Maybe you needed to have all the pent up energy for it to just happen one day, like a sort of mini explosion.
I mean, usually I’d say you need a series of ritualistic actions that you need to force yourself to do on a regular basis in order to get anything done, because you’ll never FEEL like going for a run, or breaking a bad habit, or getting out of that relationship for good…you’ll never FEEL like doing anything out of your comfort zone, ever.
Hugh Laurie said “It’s a terrible thing, I think, in life to wait until you’re ready. I have this feeling now that actually no one is ever ready to do anything”,
But now I’m thinking…
Maybe forcing yourself could end up in a series of failures that aren’t really failures…you’re just not quite ready. In which case, I think it’s okay to wait until you ARE ready, by just moving more slowly in that direction.
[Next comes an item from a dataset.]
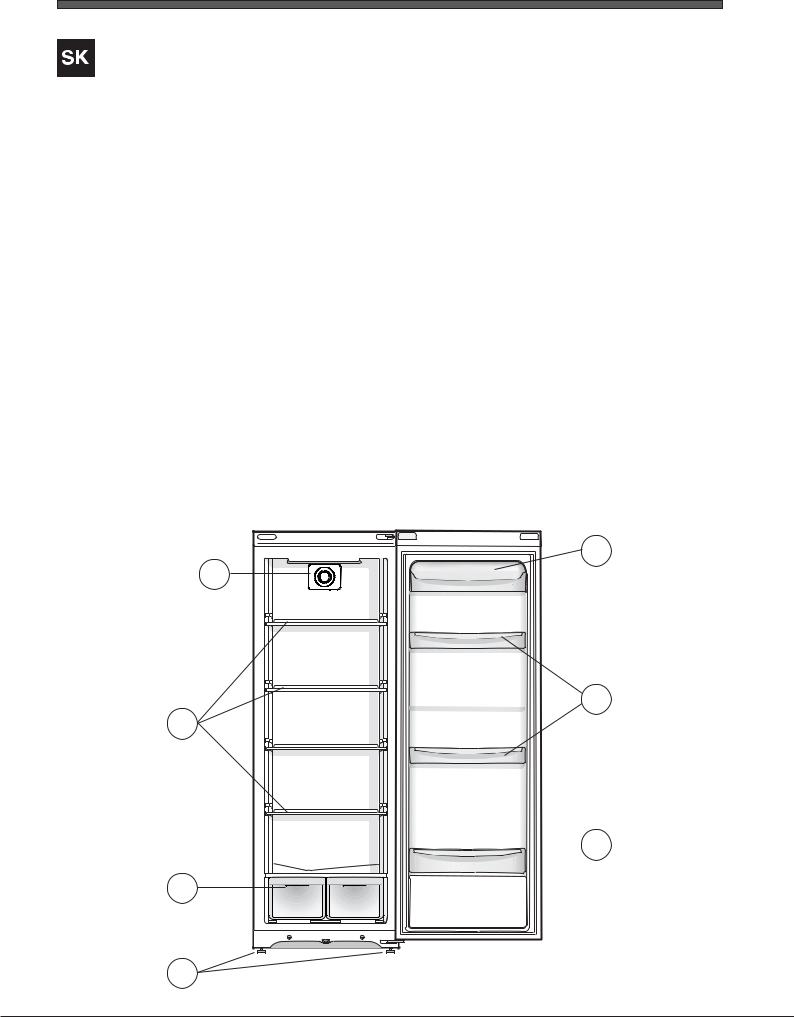 HOTPOINT/ARISTON SDSY 1722 V J User Manual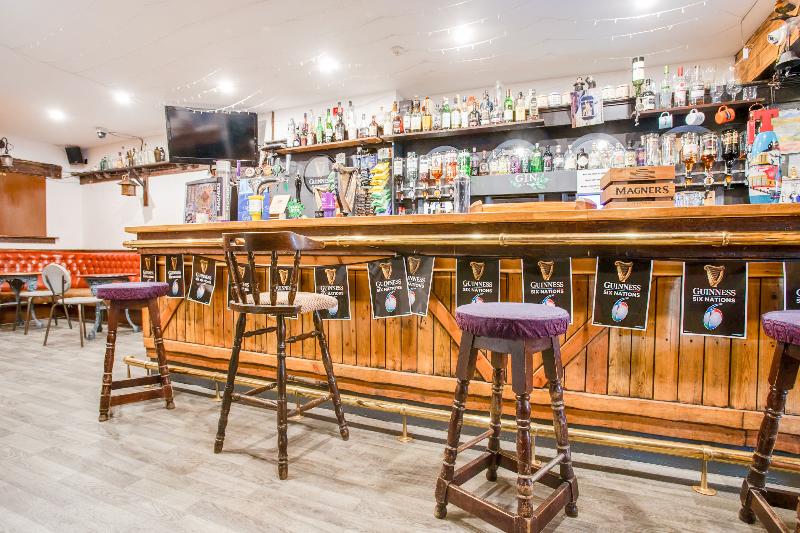 St Ronan's Hotel - Bar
Waiting for the right circumstances is natural and inevitable. It’s happened all my life. It happened yesterday,
I picked up some oil paintings for the first time and I mean wow, it was fun.
I was pushed over the edge to finally try it because of three things that happened simultaneously:
- An abstract artist recommended a documentary on Basquiat. He was a 20-something year old whose paintings sell for millions now, who hammered out hundreds of paintings a year while moving to music, painting not exactly what he saw but how he was feeling. He made it look fun, effortless, natural, and most poignant of all to me…doable.
- Then conveniently my Dad found a bunch of blank canva’s & oil paints in the spare room, which he was about to throw out.
- Plus I had some empty hooks and spaces on my walls.
It was time. The time had come.
And so, on a particularly sunny day off from work, I got up early and gave life to these two:
Oil on canvas – 24/01/19, James Baldwin & Nina Simone, 2+3 hours
It’s perfectly what I had in mind, which for me is an absolute win. Turns out I knew more than I thought I did about painting with oils.
Which is another thing I think translates across all elements of life…most of the time, you know more than you think you do and you’re capable of more than you think you are capable of.
But I’d been moving in that sort of direction for a while…I’d been going to more art events, talking to more artists, had sorted out my art supplies and cleaned up my desk…heck, I’d even cleaned up this website.
I’ve been stressing about having nothing to show in my portfolio, but I’m starting to see that I just wasn’t quite ready. Like plantain or pears. I wasn’t quite ripe.
I have been getting ready, though.
And going slowly, while keeping it in mind, and all those previous failed attempts…added up to a thing that I have now finally done.
Very cool. Awesome. Note to self: you’re doing good. Keep at it.